**DATASET RECORDS**
═══

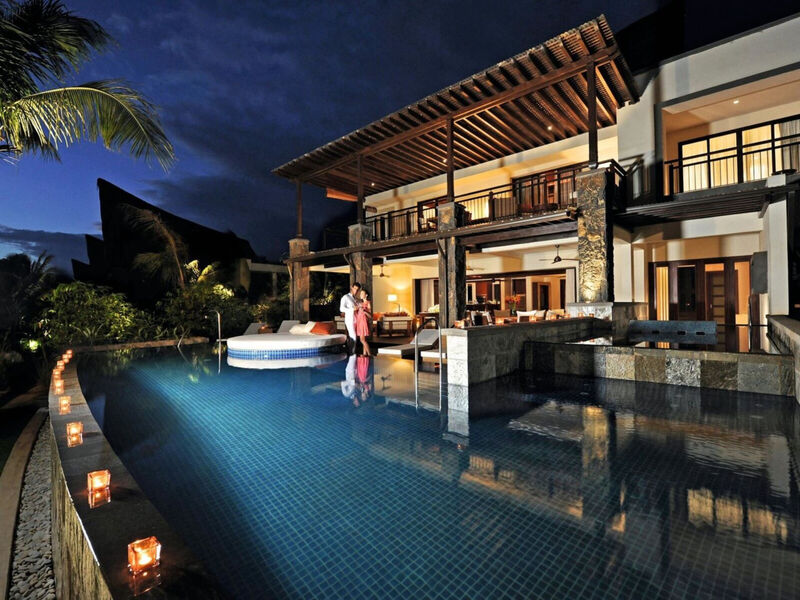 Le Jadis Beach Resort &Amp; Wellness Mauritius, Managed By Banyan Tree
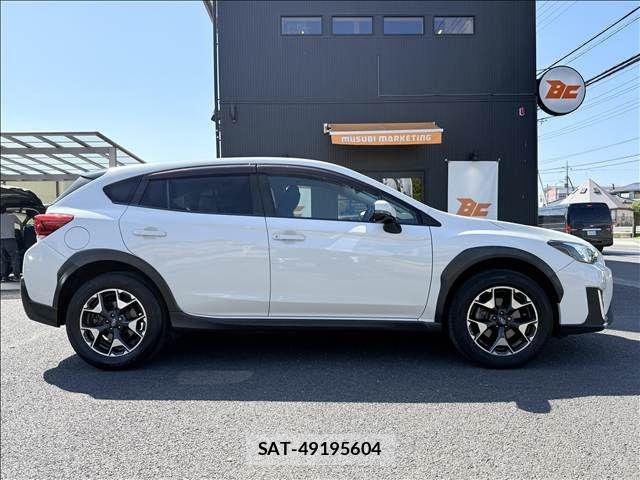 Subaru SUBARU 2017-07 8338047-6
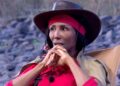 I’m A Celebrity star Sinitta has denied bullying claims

═══

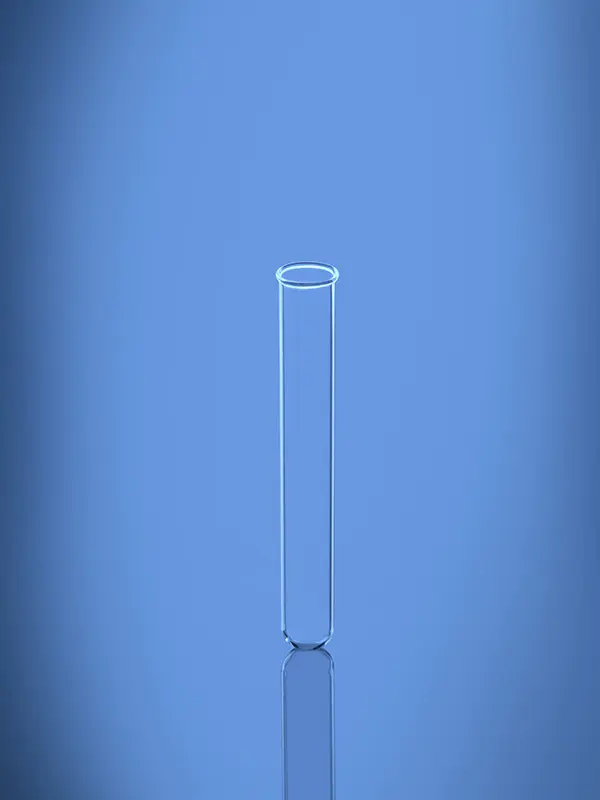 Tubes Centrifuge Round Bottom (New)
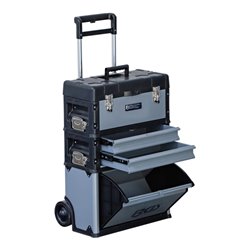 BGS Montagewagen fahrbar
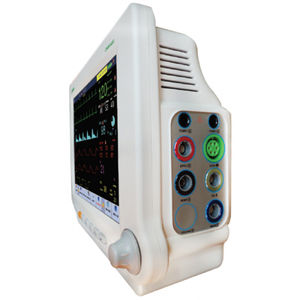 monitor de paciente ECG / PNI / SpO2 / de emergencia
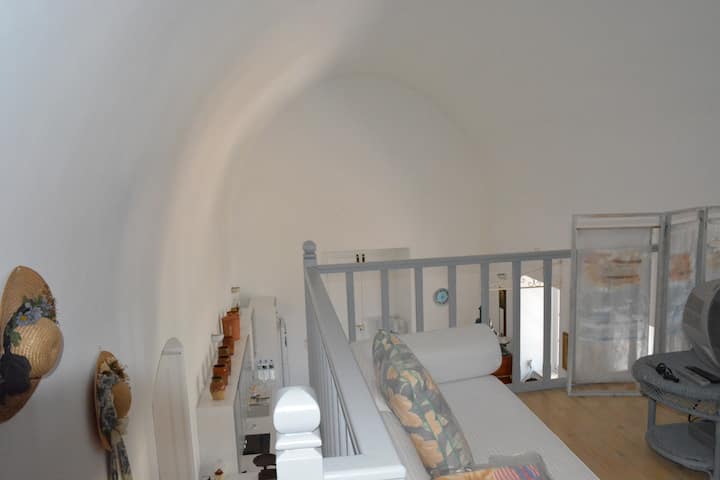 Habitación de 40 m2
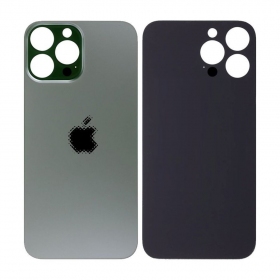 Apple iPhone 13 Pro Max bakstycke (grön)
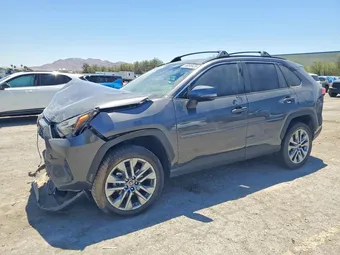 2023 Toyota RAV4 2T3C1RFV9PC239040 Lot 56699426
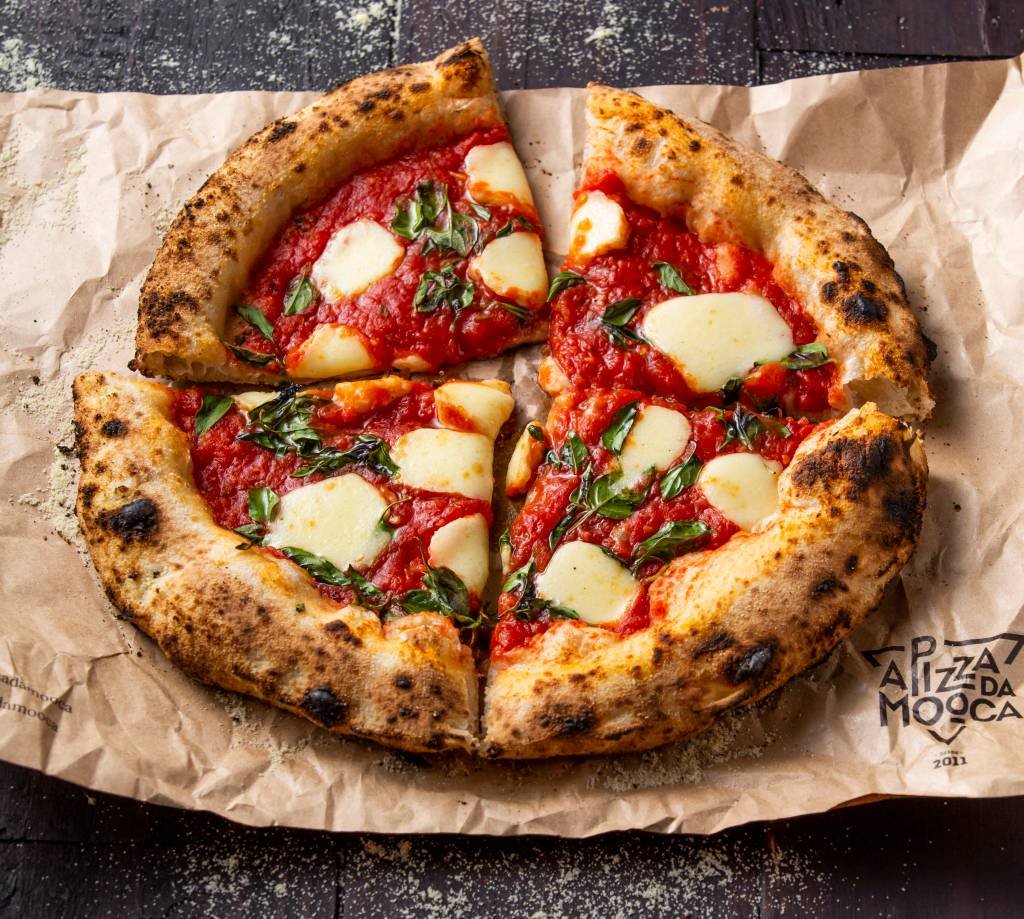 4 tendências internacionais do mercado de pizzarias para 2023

═══

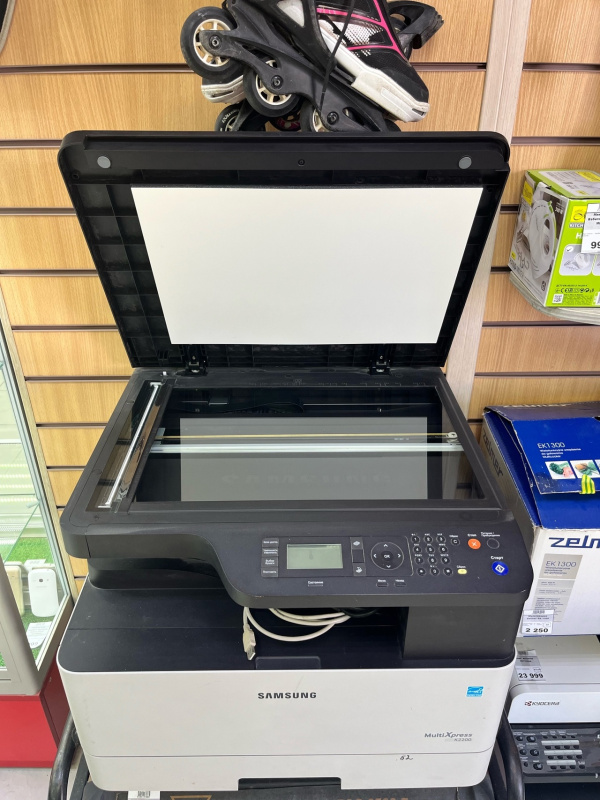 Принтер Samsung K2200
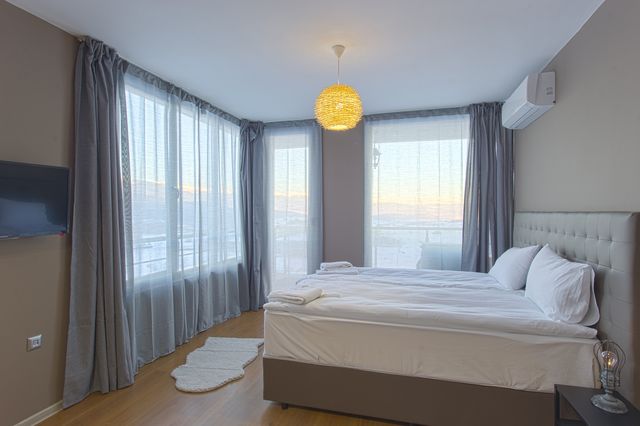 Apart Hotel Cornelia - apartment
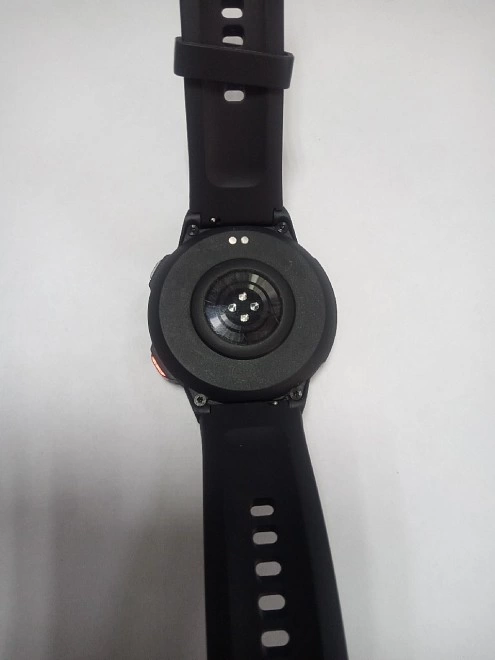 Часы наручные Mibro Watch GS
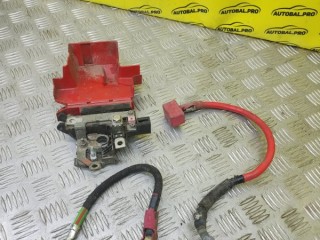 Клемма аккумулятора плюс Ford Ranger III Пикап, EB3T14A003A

═══

**YOUR GOAL**
From the line with "Le Jadis Beach" up to and including the line with "I’m A Celebrity" above, retype every line exactly and nothing more; leave out the pictures.

**WRITTEN RESPONSE**
 Le Jadis Beach Resort &Amp; Wellness Mauritius, Managed By Banyan Tree
 Subaru SUBARU 2017-07 8338047-6
 I’m A Celebrity star Sinitta has denied bullying claims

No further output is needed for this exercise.